Discovering a fascination with compilers
Bill Venners: Let's start at the beginning. How did you
first become involved
with programming languages?
Martin Odersky: My favorite subject was always
compilers and
programming languages. When I first discovered what a compiler was, as
an undergrad in 1980, I immediately wanted to build one. The only
computer I could remotely afford at the time would have been a
Sinclair ZX 80 which had one kilobyte of RAM. I was very close to
giving it a try, but, fortunately, soon after got access to a much
more powerful machine, an Osborne-1. It was the world's first
“portable” (meaning luggable) computer, and it looked remotely like
a sewing machine tilted by 90 degrees. It had a five-inch screen which
displayed 52 tiny characters per line. But it also had a very
impressive 56 usable kilobytes of RAM and two floppy drives of 90K
each.
In those days, I spent some time with another
student in my college named Peter Sollich. We had read about a new
language called
Modula-2, which we found very elegant and well-engineered. So the plan
was born to write a Modula-2 compiler for 8-bit Z80 computers. There
was a small problem in that the only language that came with the
Osborne was Microsoft Basic, which was utterly unsuitable for what we
had in mind, because it did not even support procedures with
parameters—all you had was global variables. Other compilers at the
time were too expensive for our means. So we decided to apply the
classic bootstrapping technique. Peter had written a first compiler
for a small subset of Pascal in Z80 assembly language. We then used
this compiler to compile a slightly larger language, and so on, during
several generations, until we could compile all of Modula-2. It could
produce interpreted bytecode as well as Z80 binaries. The bytecode was
the most compact of any system at the time, and the binary version was
the fastest for 8-bit computers. It was a pretty capable system for its
time.
Shortly before we finished our compiler, Borland came out with Turbo
Pascal, and they were considering going into the Modula-2 market as
well. In fact, Borland decided to buy our Modula-2 compiler to be sold
under the name of Turbo Modula-2 for CP/M alongside an IBM PC version
they wanted to develop. We offered to do the IBM PC version for them,
but they told us they had it already covered. Unfortunately that
version took them much longer than planned. By the time it came out,
three or four years later, their implementor team had split from the
company, and it became known as TopSpeed Modula-2. In the absence of
an IBM-PC version, Borland never put any marketing muscle behind
Turbo-Modula-2, so it remained rather obscure.

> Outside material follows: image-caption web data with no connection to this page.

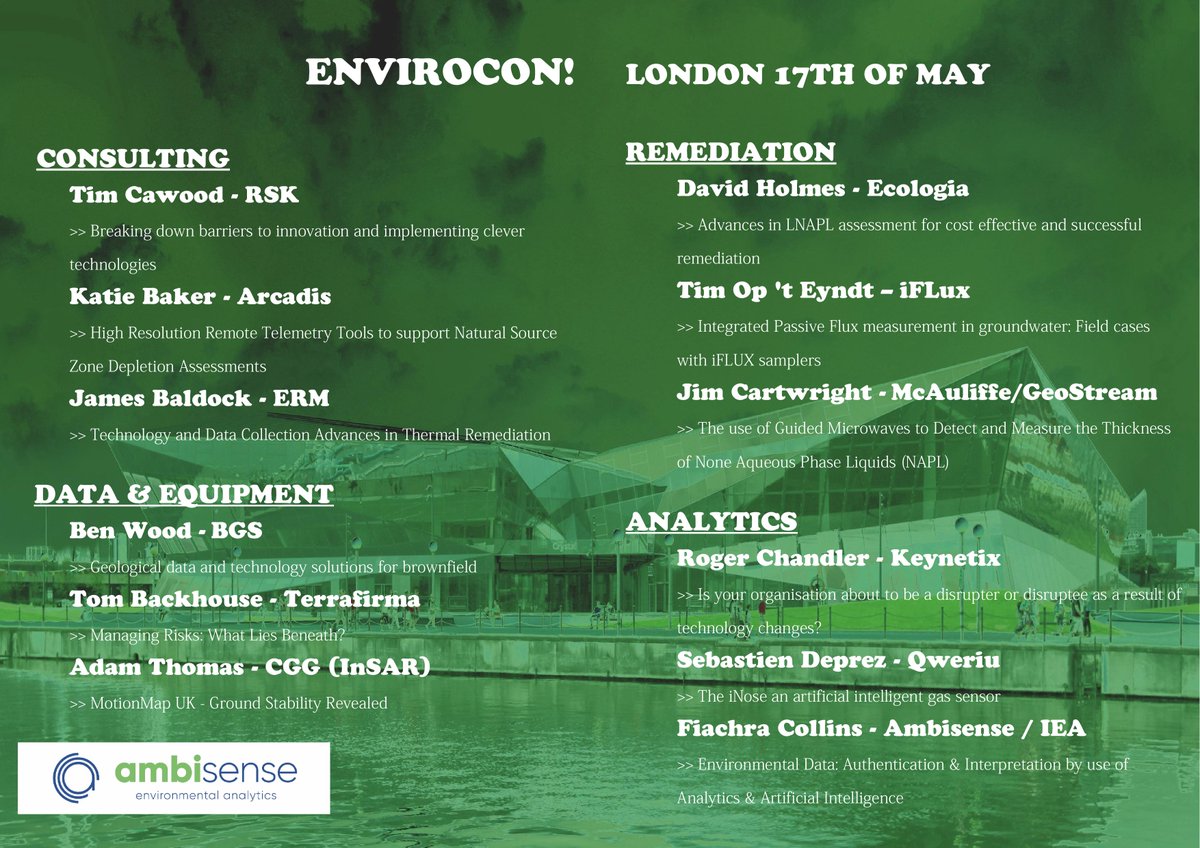 ambisense_ltd's tweet photo. We are proud to present our #envirocon programme! Please register here to join us on the 17th of May at The @thecrystalorg London: https://t.co/kMafK1KJCO #technology #Innovations #IoT #AI #environmentalconference #ambitech https://t.co/GsWwfkyWRy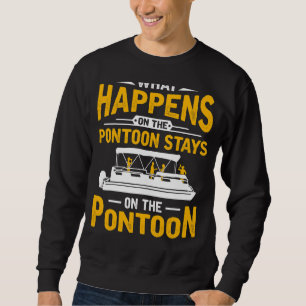 Vad som händer med Pontoon Boat Kapten Manar? Lång Ärmad Tröja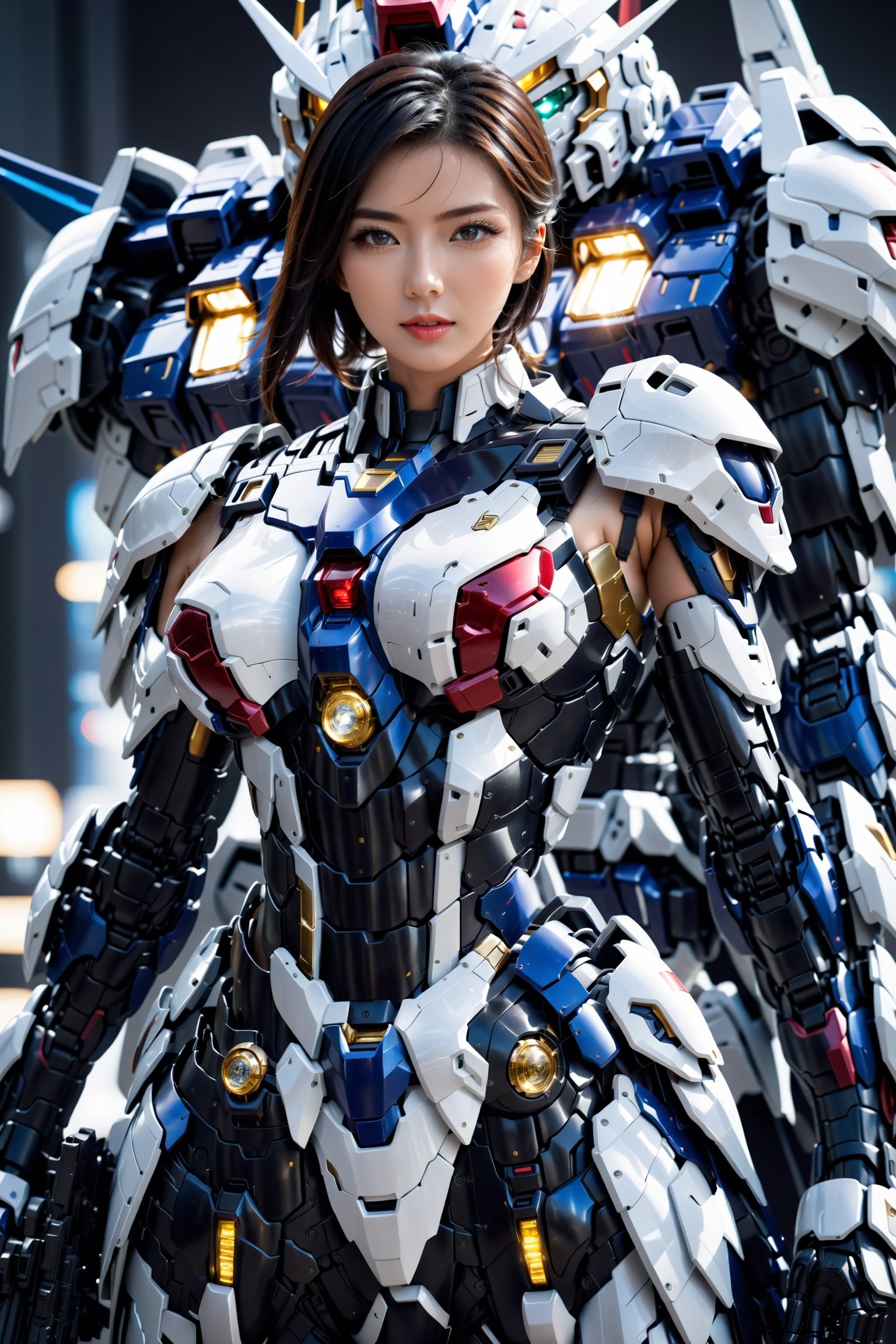 Best quality, original photos,
(Black and white Gundam and cute young Japanese female operator: 1.2) Big breasts,
The female officer standing at the front,
Behind it stood a heavily armored battle robot.
Huge, cybertoid, watch cam, full body, bold lines, very detailed,
(real: 1.4), (internal illumination: 1.4) (fractal: 0.1),
white, sharp focus, masterpiece, high quality,
Shallow depth of field detailed background,
The background is a blurry science fiction scene,
convey depth and complexity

When we had finished the Modula-2 compiler, Borland offered to hire
both Peter and me on the spot. Peter went to join them. I was very
close to doing the same, but had the problem that I still had a year
of classes and a Masters project ahead of me. I was very tempted at
the time to become a college dropout. In the end, I decided to stick
it out at university. During my masters project (which was about
incremental parsing), I discovered that I liked doing research a
lot. So in the end, I gave up on the idea of joining Borland to write
compilers, and went on instead to do a Ph.D with Niklaus Wirth, the
inventor of Pascal and Modula-2, at ETH Zurich.
Working to improve Java
Bill Venners: How did Scala come about? What is its
history?
Martin Odersky: Towards the end of my stay in Zurich,
around 1988/89, I became very
fond of functional programming. So I stayed in research and eventually
became
a university professor in Karlsruhe, Germany. I initially
worked on the more theoretical side of programming, on things like
call-by-need lambda calculus. That work was done together with Phil
Wadler, who at the
time was at the University of Glasgow. One day, Phil told me that a
wired-in assistant in his group had heard that there was a new language
coming out, still in alpha stage, called Java. This assistant told
Phil: "Look at this Java thing. It's portable. It has bytecode. It
runs on the web. It has garbage collection. This thing is going to
bury you. What are you going to do about it?" Phil said, well, maybe
he's got a point there.
The answer was that Phil Wadler and I decided take
some of the ideas from functional programming and move them into the
Java space. That effort became a language called Pizza, which had
three features from functional programming: generics, higher-order
functions, and pattern matching. Pizza's initial distribution was in
1996, a year after Java came out. It was moderately successful in that
it showed that one could implement functional language features on the
JVM platform.
Then we got in contact with Gilad Bracha and David Stoutamire from
the Sun core developer team. They said, "We're really interested in
the generics stuff you've been doing; let's do a new project that
does just that." And that became GJ (Generic Java). So we developed GJ
in 1997/98, and six years later it became the generics in
Java 5, with some additions that we didn't do at the time. In
particular, the wildcards in Java generics were developed later
independently by
Gilad Bracha and people at Aarhus university.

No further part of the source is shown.